== Task details ==
Pictures aside, can you reproduce the records word for word?

== Entries provided ==
+-------+

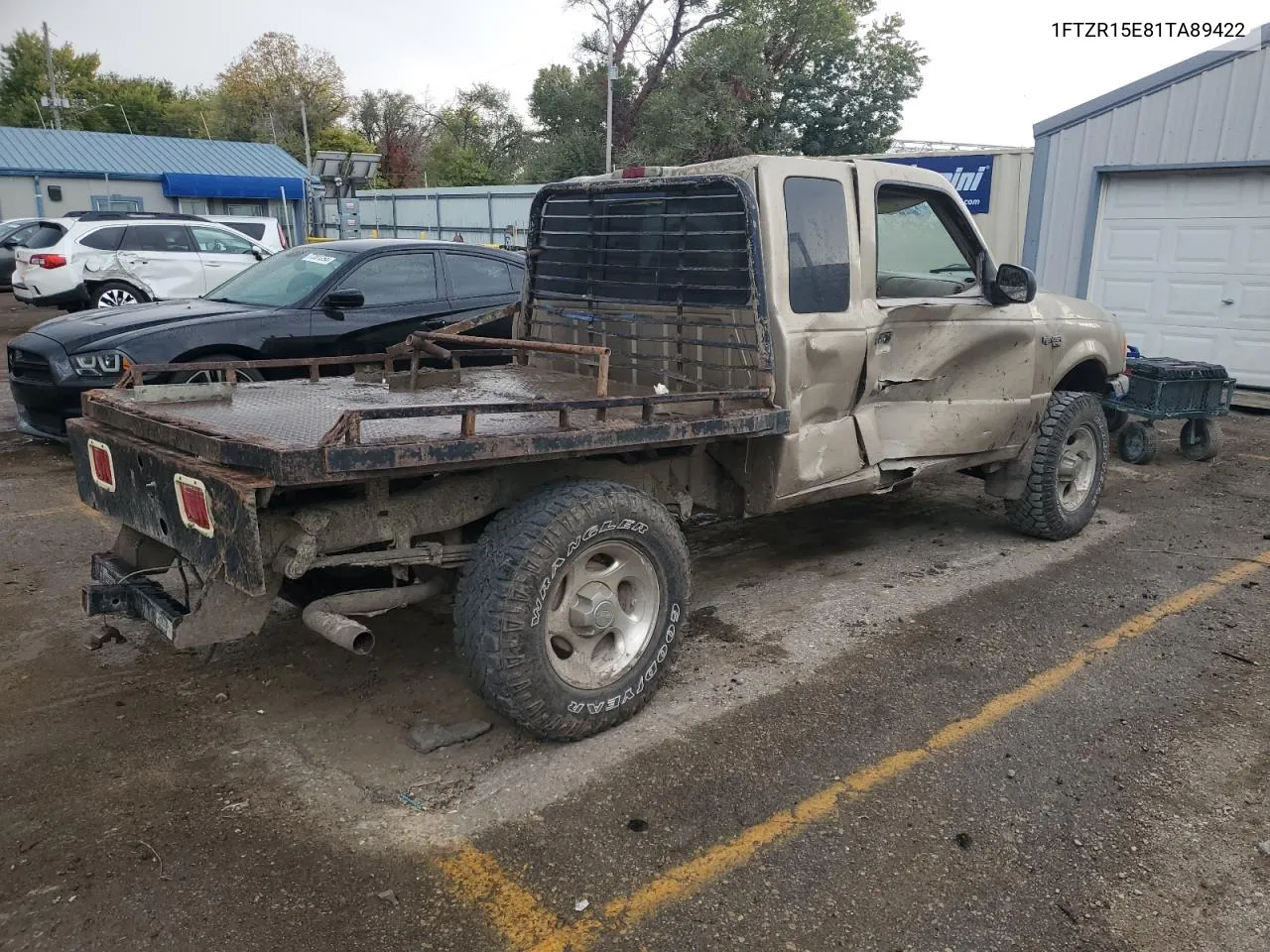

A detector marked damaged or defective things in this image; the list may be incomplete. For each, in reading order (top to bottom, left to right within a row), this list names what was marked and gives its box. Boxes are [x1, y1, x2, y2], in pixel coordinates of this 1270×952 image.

rusty headache rack [86, 320, 782, 487]
rusted steel frame rail [322, 388, 767, 446]
damaged pickup truck [69, 160, 1127, 746]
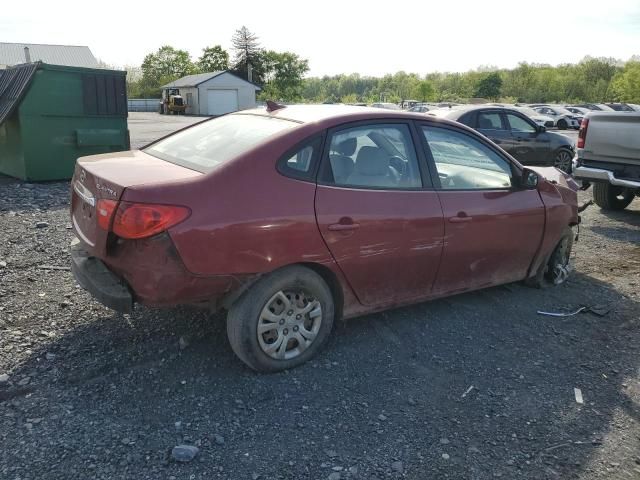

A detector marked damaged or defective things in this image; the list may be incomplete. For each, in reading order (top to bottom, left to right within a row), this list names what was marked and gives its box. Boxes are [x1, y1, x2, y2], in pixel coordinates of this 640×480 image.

damaged red car [71, 105, 580, 374]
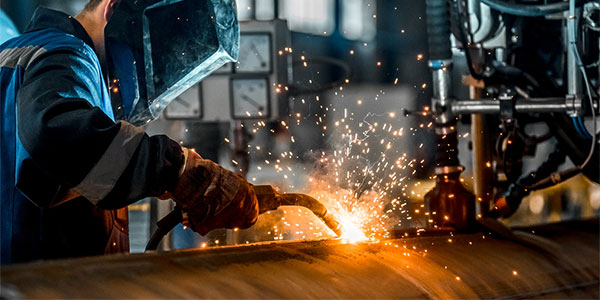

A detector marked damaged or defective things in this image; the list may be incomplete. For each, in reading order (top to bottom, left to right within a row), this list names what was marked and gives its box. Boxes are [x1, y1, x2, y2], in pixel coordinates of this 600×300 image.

rusty metal surface [2, 219, 596, 298]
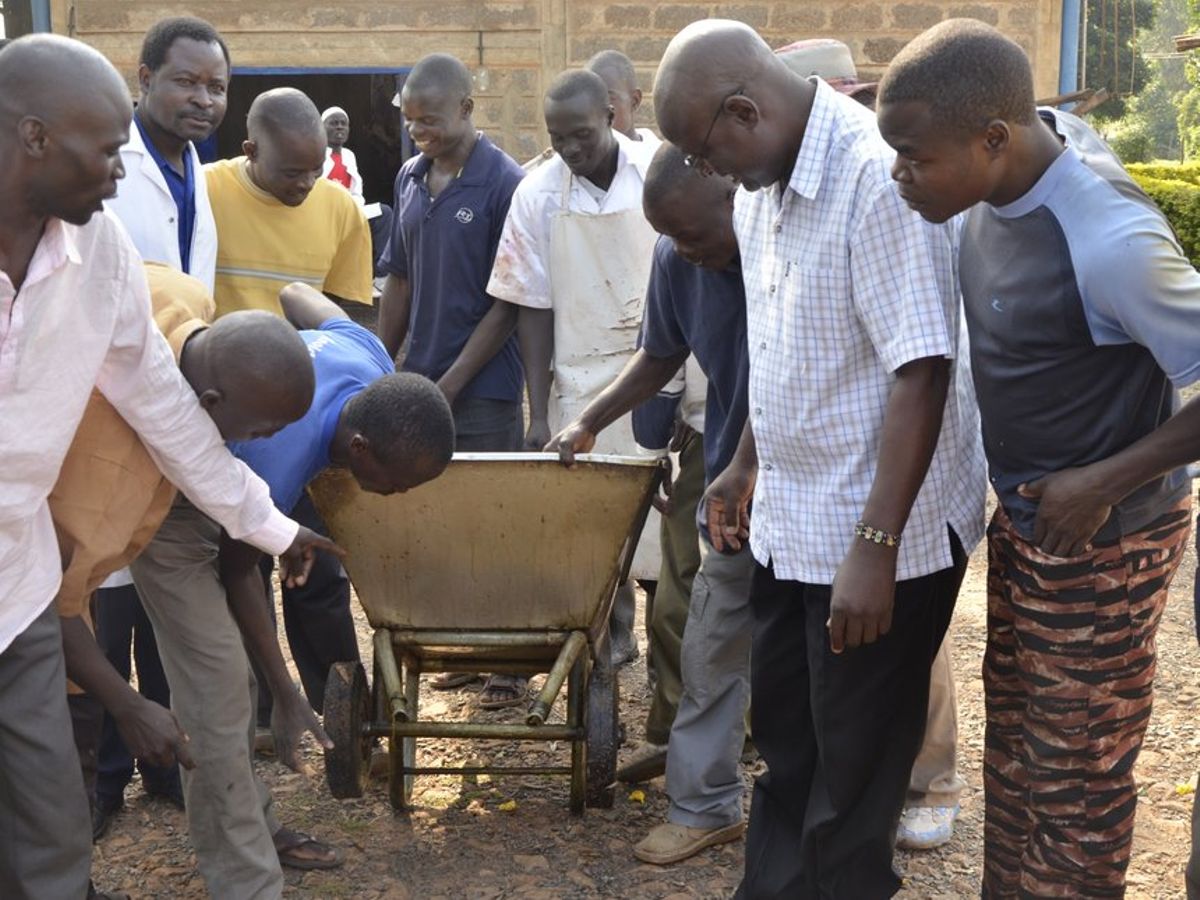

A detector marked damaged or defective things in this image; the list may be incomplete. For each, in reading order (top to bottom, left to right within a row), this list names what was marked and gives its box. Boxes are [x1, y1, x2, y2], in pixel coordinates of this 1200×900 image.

rusty metal surface [309, 451, 662, 633]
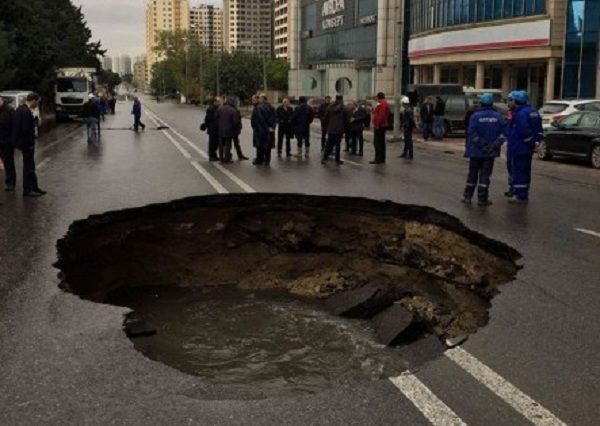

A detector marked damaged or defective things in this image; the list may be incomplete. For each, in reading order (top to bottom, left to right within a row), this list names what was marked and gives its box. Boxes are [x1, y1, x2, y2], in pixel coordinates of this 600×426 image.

broken concrete chunk [370, 302, 412, 346]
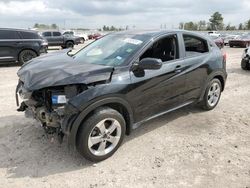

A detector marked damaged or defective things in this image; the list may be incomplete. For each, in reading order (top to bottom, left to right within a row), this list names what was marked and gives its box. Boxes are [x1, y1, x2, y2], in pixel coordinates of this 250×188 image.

hood damage [17, 50, 114, 141]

+-------+

== Result for this exercise ==
A detector marked damaged or defective things in this image; the list may be incomplete. For each, in reading order (top to bottom, left to right within a row), this list names what was marked and gives its box. Boxes are [x1, y1, x2, y2], in pixel coordinates of this 1270×952 image.

rusty headache rack [86, 320, 782, 487]
rusted steel frame rail [322, 388, 767, 446]
damaged pickup truck [69, 160, 1127, 746]

A detector marked damaged or defective things in this image; the list may be incomplete. For each, in reading order (top to bottom, left to right within a row), this list names what was marked and gives its box. Boxes are [x1, y1, x2, y2], in pixel coordinates of this 640×480 image.

damaged red car [71, 105, 580, 374]

A detector marked damaged or defective things in this image; the list may be incomplete. For each, in reading order (top to bottom, left to right within a row), this list names what was marked and gives its box. Boxes are [x1, y1, x2, y2], in pixel coordinates of this 600×300 image.

rusty metal surface [2, 219, 596, 298]

A detector marked damaged or defective things in this image; the list may be incomplete. For each, in reading order (top to bottom, left to right within a row), this list names what was marked and gives its box. Boxes are [x1, y1, x2, y2], in pixel coordinates of this 1200×900 image.

rusty metal surface [309, 451, 662, 633]

A detector marked damaged or defective things in this image; the list may be incomplete. For each, in reading order (top to bottom, left to right within a row), this list names what was marked and gives its box. Boxes are [x1, y1, x2, y2], in pixel coordinates of this 600×426 image.

broken concrete chunk [370, 302, 412, 346]

A detector marked damaged or defective things in this image; the list may be incomplete. For each, in reading order (top to bottom, left to right within a row), this list names what was marked and gives its box. Boxes are [x1, y1, x2, y2], in pixel coordinates of this 250×188 image.

hood damage [17, 50, 114, 141]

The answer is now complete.